▶ **Assignment**
Going through the material below, output exactly the lines from the one containing "Beautiful rainforest trees" through the one containing "Wombat Eating Grass", and no pictures.
[Supplied records Boundary: Start]
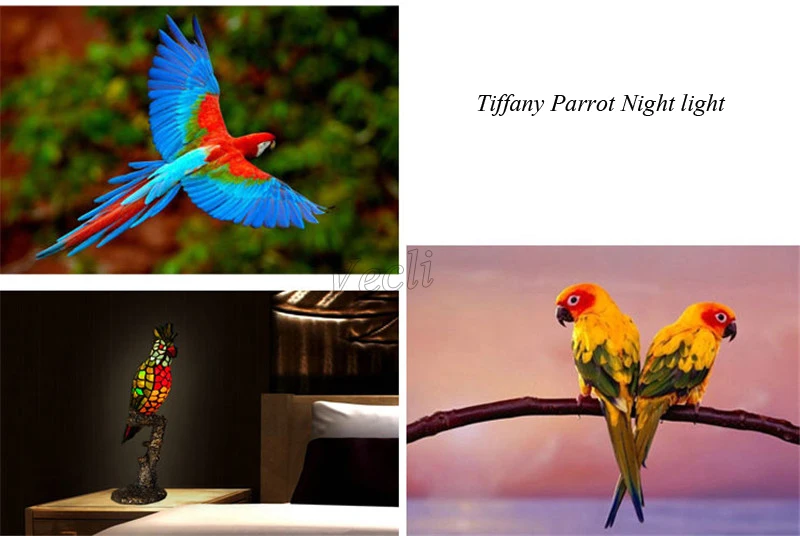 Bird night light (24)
[Supplied records Boundary: End]
[Supplied records Boundary: Start]
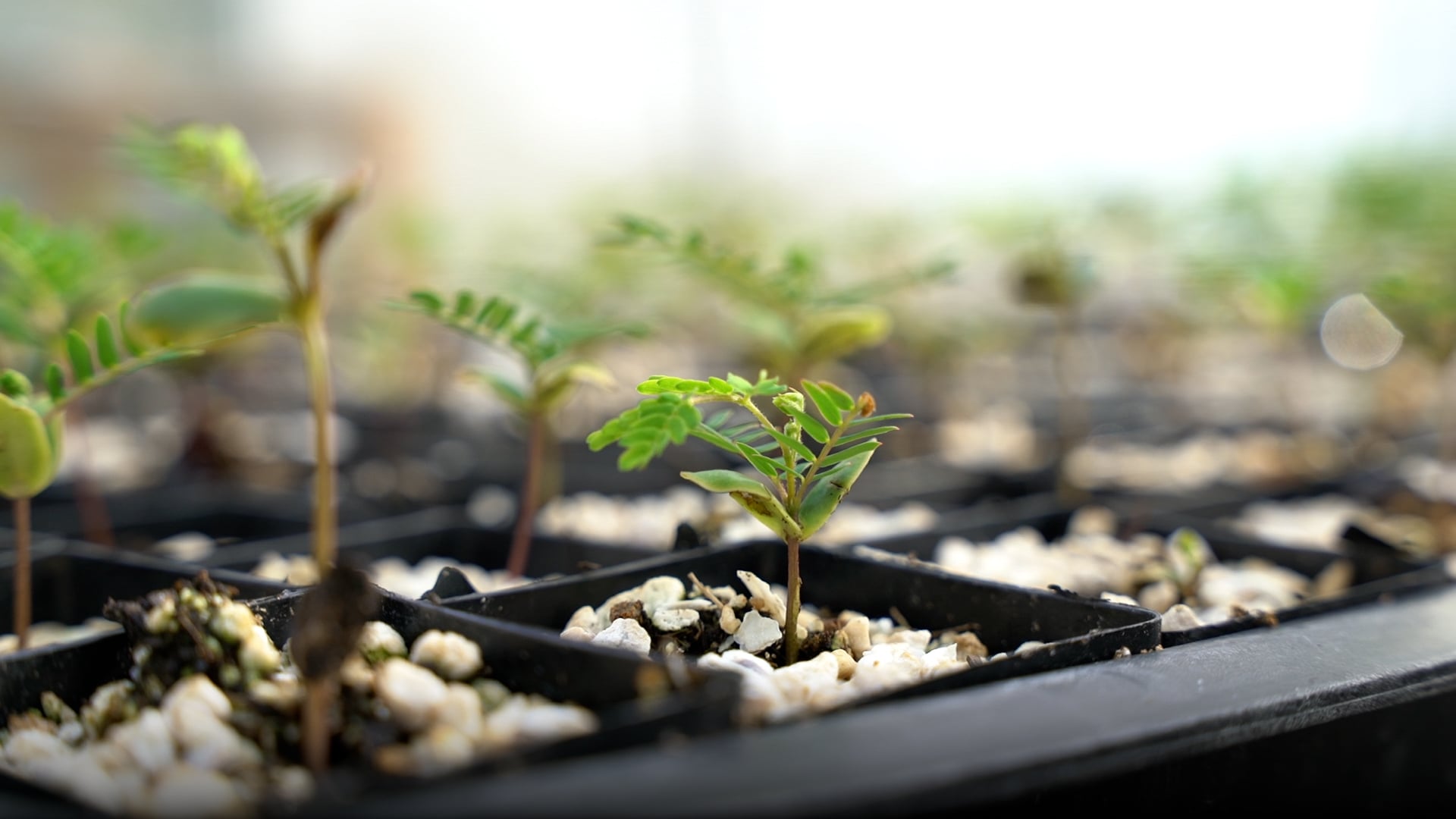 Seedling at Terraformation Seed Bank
[Supplied records Boundary: End]
[Supplied records Boundary: Start]
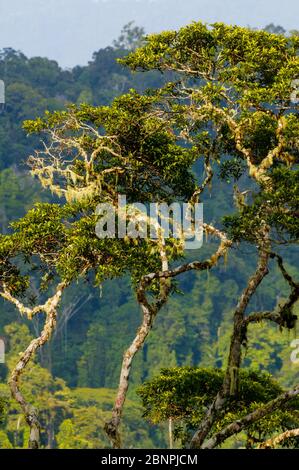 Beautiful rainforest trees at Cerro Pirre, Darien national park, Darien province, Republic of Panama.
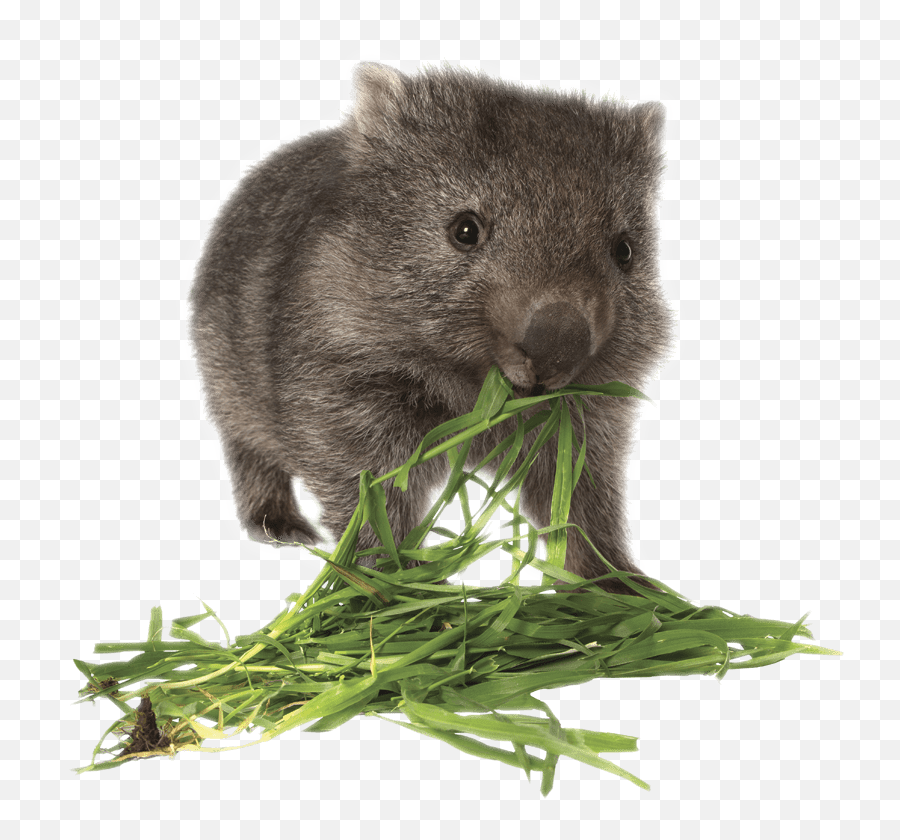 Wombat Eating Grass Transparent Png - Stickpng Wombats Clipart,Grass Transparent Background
[Supplied records Boundary: End]
▶ **Answer for this exercise**
 Beautiful rainforest trees at Cerro Pirre, Darien national park, Darien province, Republic of Panama.
 Wombat Eating Grass Transparent Png - Stickpng Wombats Clipart,Grass Transparent Background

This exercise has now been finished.